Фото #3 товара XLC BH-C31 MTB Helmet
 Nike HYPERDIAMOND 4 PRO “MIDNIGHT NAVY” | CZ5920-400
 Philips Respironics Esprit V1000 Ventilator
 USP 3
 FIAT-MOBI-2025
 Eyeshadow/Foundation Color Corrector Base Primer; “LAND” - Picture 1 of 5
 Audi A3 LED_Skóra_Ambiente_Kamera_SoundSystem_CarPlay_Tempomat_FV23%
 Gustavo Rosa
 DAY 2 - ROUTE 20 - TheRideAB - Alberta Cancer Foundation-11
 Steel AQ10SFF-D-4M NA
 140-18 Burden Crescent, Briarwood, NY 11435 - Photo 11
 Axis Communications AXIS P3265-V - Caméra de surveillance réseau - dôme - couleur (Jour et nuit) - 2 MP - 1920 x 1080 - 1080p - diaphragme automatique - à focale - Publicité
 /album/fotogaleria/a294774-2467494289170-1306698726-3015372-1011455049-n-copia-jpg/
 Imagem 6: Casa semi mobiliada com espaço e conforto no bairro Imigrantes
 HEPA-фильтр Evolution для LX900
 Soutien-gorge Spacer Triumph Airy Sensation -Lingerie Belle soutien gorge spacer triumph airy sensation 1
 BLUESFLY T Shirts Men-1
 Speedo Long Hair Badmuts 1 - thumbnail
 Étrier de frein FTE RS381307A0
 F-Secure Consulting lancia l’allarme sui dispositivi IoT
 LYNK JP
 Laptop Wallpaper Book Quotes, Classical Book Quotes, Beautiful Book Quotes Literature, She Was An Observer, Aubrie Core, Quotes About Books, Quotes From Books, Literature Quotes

____________________

#### EXERCISE:
Nothing before the line containing "Étrier de frein FTE RS381307A0" should be repeated; repeat that line and all later lines through the end of the data above, exactly.

#### RESPONSE TO THIS TASK:
 Étrier de frein FTE RS381307A0
 F-Secure Consulting lancia l’allarme sui dispositivi IoT
 LYNK JP
 Laptop Wallpaper Book Quotes, Classical Book Quotes, Beautiful Book Quotes Literature, She Was An Observer, Aubrie Core, Quotes About Books, Quotes From Books, Literature Quotes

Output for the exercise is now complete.